━━━━━ Data extracts
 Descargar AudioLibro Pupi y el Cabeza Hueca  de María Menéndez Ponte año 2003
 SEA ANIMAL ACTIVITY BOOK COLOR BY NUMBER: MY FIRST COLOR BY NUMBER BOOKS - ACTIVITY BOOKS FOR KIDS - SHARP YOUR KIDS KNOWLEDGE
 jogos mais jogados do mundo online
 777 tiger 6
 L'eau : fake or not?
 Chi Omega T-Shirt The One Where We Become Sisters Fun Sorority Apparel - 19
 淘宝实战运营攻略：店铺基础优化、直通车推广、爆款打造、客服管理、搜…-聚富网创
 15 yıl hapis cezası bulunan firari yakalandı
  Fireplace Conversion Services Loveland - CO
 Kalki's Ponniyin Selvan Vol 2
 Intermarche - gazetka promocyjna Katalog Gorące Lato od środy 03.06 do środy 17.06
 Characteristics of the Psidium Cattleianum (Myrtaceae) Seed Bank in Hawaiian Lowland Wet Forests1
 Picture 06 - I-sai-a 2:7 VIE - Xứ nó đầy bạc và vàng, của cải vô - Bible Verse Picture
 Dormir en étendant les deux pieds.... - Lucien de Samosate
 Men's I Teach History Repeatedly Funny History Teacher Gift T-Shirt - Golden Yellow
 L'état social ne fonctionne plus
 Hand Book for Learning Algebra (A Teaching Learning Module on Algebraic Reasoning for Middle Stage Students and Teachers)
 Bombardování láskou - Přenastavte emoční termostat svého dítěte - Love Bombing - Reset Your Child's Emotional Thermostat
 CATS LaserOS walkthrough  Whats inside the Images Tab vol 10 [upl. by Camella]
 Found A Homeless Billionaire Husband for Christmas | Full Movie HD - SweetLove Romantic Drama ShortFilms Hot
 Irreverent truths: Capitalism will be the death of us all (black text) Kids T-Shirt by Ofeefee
━━━━━━━━━━
What to produce:
The records above are to be duplicated in full and exactly.

Answer box:
 Descargar AudioLibro Pupi y el Cabeza Hueca  de María Menéndez Ponte año 2003
 SEA ANIMAL ACTIVITY BOOK COLOR BY NUMBER: MY FIRST COLOR BY NUMBER BOOKS - ACTIVITY BOOKS FOR KIDS - SHARP YOUR KIDS KNOWLEDGE
 jogos mais jogados do mundo online
 777 tiger 6
 L'eau : fake or not?
 Chi Omega T-Shirt The One Where We Become Sisters Fun Sorority Apparel - 19
 淘宝实战运营攻略：店铺基础优化、直通车推广、爆款打造、客服管理、搜…-聚富网创
 15 yıl hapis cezası bulunan firari yakalandı
  Fireplace Conversion Services Loveland - CO
 Kalki's Ponniyin Selvan Vol 2
 Intermarche - gazetka promocyjna Katalog Gorące Lato od środy 03.06 do środy 17.06
 Characteristics of the Psidium Cattleianum (Myrtaceae) Seed Bank in Hawaiian Lowland Wet Forests1
 Picture 06 - I-sai-a 2:7 VIE - Xứ nó đầy bạc và vàng, của cải vô - Bible Verse Picture
 Dormir en étendant les deux pieds.... - Lucien de Samosate
 Men's I Teach History Repeatedly Funny History Teacher Gift T-Shirt - Golden Yellow
 L'état social ne fonctionne plus
 Hand Book for Learning Algebra (A Teaching Learning Module on Algebraic Reasoning for Middle Stage Students and Teachers)
 Bombardování láskou - Přenastavte emoční termostat svého dítěte - Love Bombing - Reset Your Child's Emotional Thermostat
 CATS LaserOS walkthrough  Whats inside the Images Tab vol 10 [upl. by Camella]
 Found A Homeless Billionaire Husband for Christmas | Full Movie HD - SweetLove Romantic Drama ShortFilms Hot
 Irreverent truths: Capitalism will be the death of us all (black text) Kids T-Shirt by Ofeefee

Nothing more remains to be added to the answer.